WHAT IS REQUIRED —
Below are lines of data, and only some are wanted. Please repeat exactly those from the line that has "COLLECTIE TROPENMUSEUM Het" through the line that has "福永小产权房最新(福永小产权房4000一平) 福永小产权".

RECORDS SUPPLIED —

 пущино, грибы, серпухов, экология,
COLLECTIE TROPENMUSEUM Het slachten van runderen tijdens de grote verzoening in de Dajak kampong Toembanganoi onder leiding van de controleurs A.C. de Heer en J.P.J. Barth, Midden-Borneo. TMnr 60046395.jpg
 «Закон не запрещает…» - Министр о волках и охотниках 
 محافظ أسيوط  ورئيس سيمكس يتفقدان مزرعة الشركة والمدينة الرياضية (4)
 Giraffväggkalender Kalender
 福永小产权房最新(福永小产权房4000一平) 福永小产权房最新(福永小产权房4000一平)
--
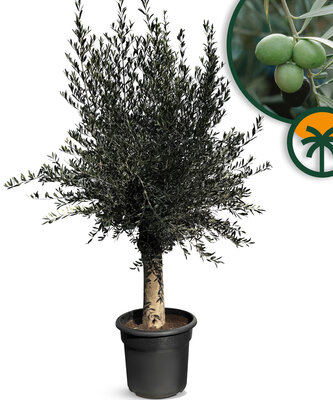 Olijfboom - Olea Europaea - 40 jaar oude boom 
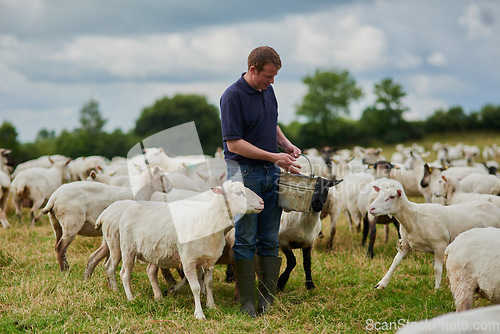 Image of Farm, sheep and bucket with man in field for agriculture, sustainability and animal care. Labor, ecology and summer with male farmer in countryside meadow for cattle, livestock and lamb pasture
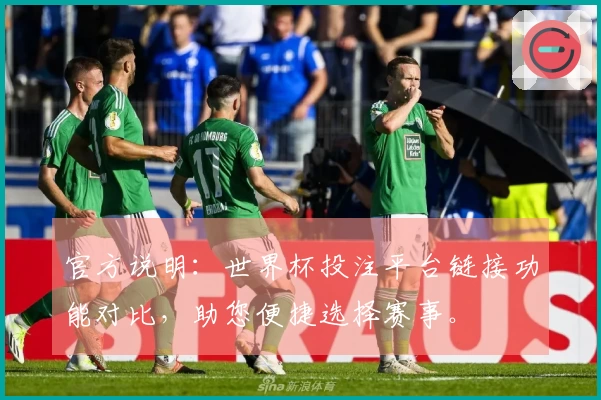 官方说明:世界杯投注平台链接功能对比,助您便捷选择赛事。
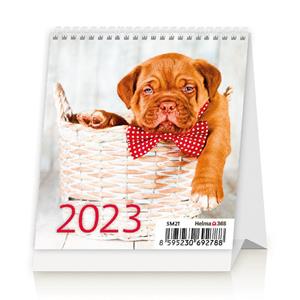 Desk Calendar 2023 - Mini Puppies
...
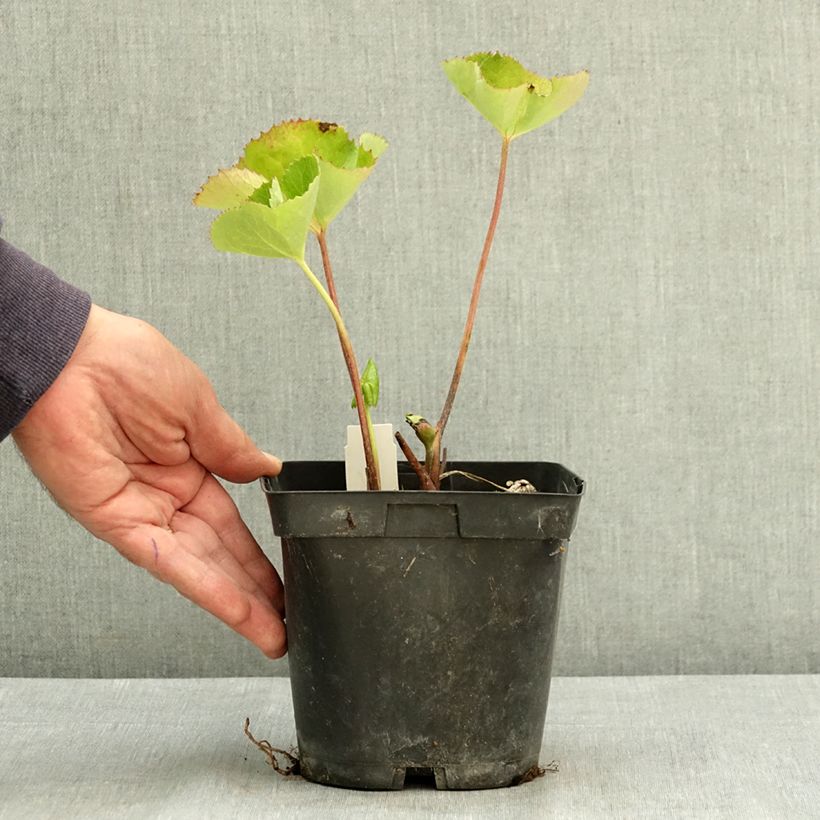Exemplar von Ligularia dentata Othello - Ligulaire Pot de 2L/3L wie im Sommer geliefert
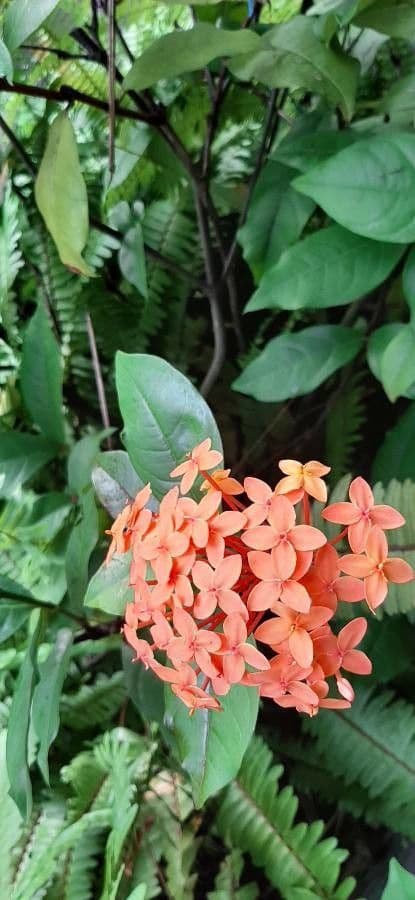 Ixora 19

TASK OUTPUT —
COLLECTIE TROPENMUSEUM Het slachten van runderen tijdens de grote verzoening in de Dajak kampong Toembanganoi onder leiding van de controleurs A.C. de Heer en J.P.J. Barth, Midden-Borneo. TMnr 60046395.jpg
 «Закон не запрещает…» - Министр о волках и охотниках 
 محافظ أسيوط  ورئيس سيمكس يتفقدان مزرعة الشركة والمدينة الرياضية (4)
 Giraffväggkalender Kalender
 福永小产权房最新(福永小产权房4000一平) 福永小产权房最新(福永小产权房4000一平)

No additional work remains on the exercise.